The administration has said that it will add driver's license data from the state of Mississippi to E-Verify as early as June 8. The agency will test whether using the data can help E-Verify better identify people working illegally in the U.S. E-Verify checks workers' information against Social Security and immigration records. E-Verify was not designed to check whether a document with valid information belongs to the person who presented it.
U.S. Citizenship and Immigration Services, part of the Department of Homeland Security, has tried to make up for E-Verify's shortcomings by adding photos from U.S. passports, green cards given to legal permanent residents and work permits. But those only cover some workers.
About 80 percent of workers present driver's licenses to establish their identity when filling out paperwork at new jobs, including papers — known as I-9 forms— asking whether they are citizens or permitted to work in the United States, said Bill Wright, a spokesman for USCIS, which oversees E-Verify.
"This initiative is a major step forward in allowing (USCIS) to more effectively combat identity theft and protect against fraud in the employment verification process," Wright said. Only data such as birth dates and driver's license numbers will be shared by Mississippi, not photos.
Other states will be watching the experiment with Mississippi information to see how it affects privacy. No other states have agreed to share data yet, although some others were asked.
USCIS proposed using the driver's license data in a May 9 Federal Register notice. The public can comment on the proposal through June 8.
The addition of driver's license data raises concerns with the American Civil Liberties Union, which has been a leading opponent of E-Verify, created in 1996 but little used until after the Sept. 11, 2001, terrorist attacks.
"You are creating an enormous database filled with information on what would be, if it's mandatory, information on every American worker. That's a honey pot for identity thieves," said Chris Calabrese, an attorney with the ACLU in Washington.
He noted a recent Minnesota case in which names, birth dates, Social Security numbers and other information were not kept secure by a company the state hired to check employers' new workers through E-Verify.
The Federal Trade Commission announced earlier this month it had reached a settlement with Texas-based Lookout Services Inc., the Minnesota contractor, on charges of failing to safeguard the sensitive information. The FTC said because of the lax security, an employee of one of Lookout's customers was able to get access to sensitive information in the company's database, including Social Security numbers of about 37,000 people. Lookout did not admit wrongdoing.
The use of E-Verify could figure prominently in any immigration debate in Congress this session.
Republican Rep. Lamar Smith, chairman of the House Judiciary Committee, cheered a Supreme Court ruling on Thursday sustaining Arizona's state law requiring businesses to use E-Verify. The 2007 law was signed by then-Arizona Gov. Janet Napolitano, now the secretary of the Department of Homeland Security. Mississippi law requires employers to use E-Verify.

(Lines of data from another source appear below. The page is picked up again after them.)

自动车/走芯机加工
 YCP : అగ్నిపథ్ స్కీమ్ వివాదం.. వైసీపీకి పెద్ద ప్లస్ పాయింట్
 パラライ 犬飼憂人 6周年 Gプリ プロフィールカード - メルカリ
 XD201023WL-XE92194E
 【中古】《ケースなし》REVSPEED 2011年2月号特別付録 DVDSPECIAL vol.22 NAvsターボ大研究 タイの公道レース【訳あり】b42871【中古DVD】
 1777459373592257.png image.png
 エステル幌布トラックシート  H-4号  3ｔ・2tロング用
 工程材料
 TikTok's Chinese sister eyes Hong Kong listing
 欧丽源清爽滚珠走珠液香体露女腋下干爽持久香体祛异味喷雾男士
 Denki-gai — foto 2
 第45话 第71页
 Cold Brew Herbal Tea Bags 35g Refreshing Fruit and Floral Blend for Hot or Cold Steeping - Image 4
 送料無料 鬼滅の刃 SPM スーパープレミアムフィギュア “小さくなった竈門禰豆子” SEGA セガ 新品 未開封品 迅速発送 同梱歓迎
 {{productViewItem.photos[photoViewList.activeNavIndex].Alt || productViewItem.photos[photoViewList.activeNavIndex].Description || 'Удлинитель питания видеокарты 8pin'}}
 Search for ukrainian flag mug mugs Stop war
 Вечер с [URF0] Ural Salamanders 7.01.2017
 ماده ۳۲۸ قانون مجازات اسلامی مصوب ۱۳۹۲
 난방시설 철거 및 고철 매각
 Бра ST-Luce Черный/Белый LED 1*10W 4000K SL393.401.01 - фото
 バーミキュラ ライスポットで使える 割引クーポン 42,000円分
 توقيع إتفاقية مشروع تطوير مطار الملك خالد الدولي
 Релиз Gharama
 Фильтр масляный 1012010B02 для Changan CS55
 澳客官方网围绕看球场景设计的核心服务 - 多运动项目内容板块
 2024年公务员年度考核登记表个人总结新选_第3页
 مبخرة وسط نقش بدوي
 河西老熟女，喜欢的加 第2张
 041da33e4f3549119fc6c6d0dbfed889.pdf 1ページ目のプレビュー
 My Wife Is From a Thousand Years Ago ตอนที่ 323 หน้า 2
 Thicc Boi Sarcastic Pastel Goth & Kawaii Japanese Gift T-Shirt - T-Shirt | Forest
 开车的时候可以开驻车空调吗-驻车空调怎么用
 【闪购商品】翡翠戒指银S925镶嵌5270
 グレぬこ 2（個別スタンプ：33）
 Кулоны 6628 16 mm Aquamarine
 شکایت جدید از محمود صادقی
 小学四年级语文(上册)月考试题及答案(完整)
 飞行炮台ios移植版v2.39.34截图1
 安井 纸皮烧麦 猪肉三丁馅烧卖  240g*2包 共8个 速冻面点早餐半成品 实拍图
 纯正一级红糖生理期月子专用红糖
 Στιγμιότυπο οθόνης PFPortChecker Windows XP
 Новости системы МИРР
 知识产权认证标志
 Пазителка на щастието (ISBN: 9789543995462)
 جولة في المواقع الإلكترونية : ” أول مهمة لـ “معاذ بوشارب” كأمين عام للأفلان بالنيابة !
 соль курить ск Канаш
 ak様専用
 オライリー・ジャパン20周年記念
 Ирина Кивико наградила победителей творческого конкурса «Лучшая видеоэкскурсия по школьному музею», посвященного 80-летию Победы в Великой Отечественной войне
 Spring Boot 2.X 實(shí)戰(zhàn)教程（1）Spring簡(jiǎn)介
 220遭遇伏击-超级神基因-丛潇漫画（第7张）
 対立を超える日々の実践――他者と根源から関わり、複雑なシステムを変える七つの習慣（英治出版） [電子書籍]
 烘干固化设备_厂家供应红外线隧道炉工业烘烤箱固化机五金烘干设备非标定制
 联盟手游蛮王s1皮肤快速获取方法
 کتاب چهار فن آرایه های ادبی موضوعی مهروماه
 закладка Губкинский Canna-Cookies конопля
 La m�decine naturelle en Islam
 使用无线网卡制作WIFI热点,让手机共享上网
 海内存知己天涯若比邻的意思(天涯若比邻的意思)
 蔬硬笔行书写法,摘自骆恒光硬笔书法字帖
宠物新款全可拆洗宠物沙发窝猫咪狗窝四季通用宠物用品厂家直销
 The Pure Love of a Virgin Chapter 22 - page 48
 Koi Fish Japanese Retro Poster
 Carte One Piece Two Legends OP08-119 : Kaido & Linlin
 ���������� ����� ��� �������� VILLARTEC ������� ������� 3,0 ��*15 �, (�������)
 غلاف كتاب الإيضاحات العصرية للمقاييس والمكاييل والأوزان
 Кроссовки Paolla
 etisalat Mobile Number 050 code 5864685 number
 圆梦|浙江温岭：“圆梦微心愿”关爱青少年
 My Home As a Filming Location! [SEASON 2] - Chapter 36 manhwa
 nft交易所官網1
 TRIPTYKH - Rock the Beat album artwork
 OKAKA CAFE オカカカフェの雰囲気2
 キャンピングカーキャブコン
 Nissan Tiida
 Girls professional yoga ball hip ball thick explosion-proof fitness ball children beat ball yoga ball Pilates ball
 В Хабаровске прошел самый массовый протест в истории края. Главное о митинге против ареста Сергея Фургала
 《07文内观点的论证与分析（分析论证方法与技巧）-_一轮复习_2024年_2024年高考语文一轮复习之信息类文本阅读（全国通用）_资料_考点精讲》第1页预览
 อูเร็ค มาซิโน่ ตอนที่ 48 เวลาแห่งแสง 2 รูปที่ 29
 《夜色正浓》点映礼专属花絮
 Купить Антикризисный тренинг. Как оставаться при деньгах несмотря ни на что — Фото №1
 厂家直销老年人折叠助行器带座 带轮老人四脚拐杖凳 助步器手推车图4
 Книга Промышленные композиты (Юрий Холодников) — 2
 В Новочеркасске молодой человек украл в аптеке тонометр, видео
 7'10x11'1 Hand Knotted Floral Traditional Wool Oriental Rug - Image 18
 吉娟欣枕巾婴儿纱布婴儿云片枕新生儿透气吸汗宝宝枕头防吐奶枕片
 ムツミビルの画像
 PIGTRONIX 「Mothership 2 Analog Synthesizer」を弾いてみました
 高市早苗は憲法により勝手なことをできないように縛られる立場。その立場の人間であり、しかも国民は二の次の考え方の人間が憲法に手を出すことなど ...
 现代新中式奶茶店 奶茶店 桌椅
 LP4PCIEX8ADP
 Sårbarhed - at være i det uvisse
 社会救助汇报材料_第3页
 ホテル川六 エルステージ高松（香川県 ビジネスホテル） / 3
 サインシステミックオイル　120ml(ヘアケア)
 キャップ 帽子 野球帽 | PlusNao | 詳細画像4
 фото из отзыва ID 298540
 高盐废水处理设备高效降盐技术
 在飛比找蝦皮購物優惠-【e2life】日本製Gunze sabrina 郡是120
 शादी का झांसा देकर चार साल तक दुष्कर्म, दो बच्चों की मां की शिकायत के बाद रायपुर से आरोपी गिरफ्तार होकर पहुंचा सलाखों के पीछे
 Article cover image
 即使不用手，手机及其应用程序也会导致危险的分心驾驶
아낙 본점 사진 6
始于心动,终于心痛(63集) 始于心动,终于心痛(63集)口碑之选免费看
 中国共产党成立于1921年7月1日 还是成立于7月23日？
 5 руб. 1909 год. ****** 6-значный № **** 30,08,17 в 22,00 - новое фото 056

Smith said he would soon introduce a bill expanding E-Verify and making it mandatory for businesses, many of which have been expecting it this congressional session and have been meeting with Smith and his staff to discuss their concerns. E-Verify will help "turn off the jobs magnet that encourages illegal immigration," Smith said Thursday.
The Obama administration has made cracking down on employers who hire non-citizens without permits to work as a key part of its immigration enforcement policy..
More than 200,000 of the estimated 7 million employers in the United States are using E-Verify.